Hello Juergen,
>Gilles Henri (GH) writes:
>
>> I have much more objections in fact to models like Schmidhuber's one:
>> again what are these Turing machines, Big programmer and so on made of?
>
>Juergen (J) : This does not seem essential and is therefore left
> unspecified. You can
>try to make one of the stuff you find in your own universe. Note that
>many of the Great Programmer's universes indeed feature another Great
>Programmer who programs another (possibly different) Big Computer to
>run all possible universes. Obviously there are infinite chains of
>Great Programmers.
I agree. Ultimately this important point relies on Church's thesis. Below I will give a argument showing there is no stuff at all.
Consciousness AND matter are definissable only from within an infinite set of computationnal histories.
>> GH : Who is "interpreting" a string as a Universe?
>
>J : This may be a somewhat misleading question. It seems based on the
>assumption that the interpreter is not himself part of a computable
>world representable by bitstrings. E.g., your internal state changes
>and email messages and worries about "interpretations" are just part of
>the computable evolution of a particular universe. It does not matter
>that we may produce computable outputs claiming otherwise ("it doesn't
>feel like it"), to be interpreted by other computable interpreters like
>ourselves. None of us needs to be aware of the bitstring representation.
Indeed. That is equivalent to what I was trying to explain to Gilles and James in a previous post where I insist that only a person can be conscious. But of course (with comp) a person can be embedded in a string. The basic principle is indeed to embed the subject in the object. This idea begin perhaps with Galileo, but has been considerably extended by Everett. Here we generalize it by embedding the computer scientist in the set of all computations.
> GH :
>> Is it true that in this model every "state" is finite, that is the set
>> of all possible states of all possible universes is countable?
>
> J:
> Yes, definitely! Just like sqrt(2) is describable by a finite
>algorithm. Most real numbers, however, are not describable at all -
>they convey infinite information. We cannot even talk about them. No
>room for them in any of the Great Programmer's universes!
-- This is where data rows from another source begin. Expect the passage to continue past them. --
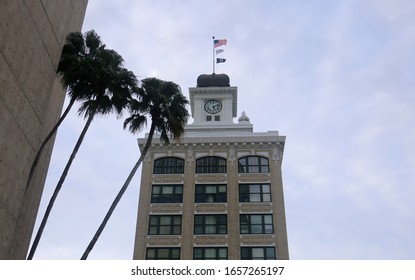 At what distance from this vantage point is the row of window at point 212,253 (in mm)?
42000

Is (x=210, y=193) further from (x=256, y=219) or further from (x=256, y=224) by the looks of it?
(x=256, y=224)

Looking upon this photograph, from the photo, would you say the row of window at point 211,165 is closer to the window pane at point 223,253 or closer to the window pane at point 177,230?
the window pane at point 177,230

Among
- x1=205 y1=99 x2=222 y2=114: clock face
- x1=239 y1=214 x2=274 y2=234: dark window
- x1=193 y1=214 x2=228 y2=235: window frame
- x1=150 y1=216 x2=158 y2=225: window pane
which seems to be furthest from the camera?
x1=205 y1=99 x2=222 y2=114: clock face

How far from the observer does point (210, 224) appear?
44.5m

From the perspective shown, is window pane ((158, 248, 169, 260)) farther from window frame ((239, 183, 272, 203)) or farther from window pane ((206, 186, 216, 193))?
window frame ((239, 183, 272, 203))

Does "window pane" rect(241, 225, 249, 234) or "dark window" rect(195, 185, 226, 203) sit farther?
"dark window" rect(195, 185, 226, 203)

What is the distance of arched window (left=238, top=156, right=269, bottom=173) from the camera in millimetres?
47844

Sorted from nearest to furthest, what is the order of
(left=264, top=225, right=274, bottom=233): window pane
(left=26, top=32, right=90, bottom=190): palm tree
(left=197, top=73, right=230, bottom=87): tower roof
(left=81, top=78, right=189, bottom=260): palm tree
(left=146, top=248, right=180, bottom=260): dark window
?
(left=26, top=32, right=90, bottom=190): palm tree → (left=81, top=78, right=189, bottom=260): palm tree → (left=146, top=248, right=180, bottom=260): dark window → (left=264, top=225, right=274, bottom=233): window pane → (left=197, top=73, right=230, bottom=87): tower roof

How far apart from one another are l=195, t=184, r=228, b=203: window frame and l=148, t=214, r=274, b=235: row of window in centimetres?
186

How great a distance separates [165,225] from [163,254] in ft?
10.3

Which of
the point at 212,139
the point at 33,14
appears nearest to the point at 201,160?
the point at 212,139

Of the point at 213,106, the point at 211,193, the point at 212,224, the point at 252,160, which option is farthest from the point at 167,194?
the point at 213,106

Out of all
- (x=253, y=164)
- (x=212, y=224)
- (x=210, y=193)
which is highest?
(x=253, y=164)

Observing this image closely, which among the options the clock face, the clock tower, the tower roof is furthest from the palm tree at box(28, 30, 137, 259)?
the tower roof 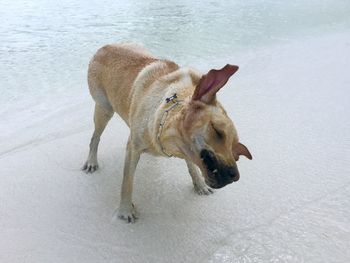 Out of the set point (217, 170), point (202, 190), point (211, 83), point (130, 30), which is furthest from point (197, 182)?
point (130, 30)

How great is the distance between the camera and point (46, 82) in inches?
278

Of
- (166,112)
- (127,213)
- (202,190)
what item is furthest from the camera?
(202,190)

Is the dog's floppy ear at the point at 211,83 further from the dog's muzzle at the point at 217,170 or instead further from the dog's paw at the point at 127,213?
the dog's paw at the point at 127,213

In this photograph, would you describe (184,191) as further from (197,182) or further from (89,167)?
(89,167)

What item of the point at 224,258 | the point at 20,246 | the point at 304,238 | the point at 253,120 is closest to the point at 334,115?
the point at 253,120

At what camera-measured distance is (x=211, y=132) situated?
110 inches

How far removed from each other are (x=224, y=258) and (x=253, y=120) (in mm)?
2472

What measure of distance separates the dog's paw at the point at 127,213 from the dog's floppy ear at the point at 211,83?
53.4 inches

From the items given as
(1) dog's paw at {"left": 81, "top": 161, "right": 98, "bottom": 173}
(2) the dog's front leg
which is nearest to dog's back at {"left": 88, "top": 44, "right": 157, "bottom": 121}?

Although most real numbers are not describable at all, we can easily talk about the set of all real numbers. Now, the Great Programmer (my Universal Dovetailer UD) not only dovetails on all computations but dovetails on all computations with all real (complex, quaternionic, ...) oracles. It does so by generating all finite initial segments of all reals. At each state of the computation of the UD, there is indeed no place for a real number, BUT, I show below that from the first person perspective of an "observer", the set of all real number does play an important role. In fact our prediction will depend on the measure on all infinite computationnal histories. More below.
> GH :
>> Does it mean for example that the possible values of physical
>> constants are discrete?
>
> J :
>Discrete or at least computable. In none of the Great Programmer's
>universes there is Super-Turing computability, although the concept
>has become fashionable in our particular computable universe, and lots
>of computable people make computable noises about it.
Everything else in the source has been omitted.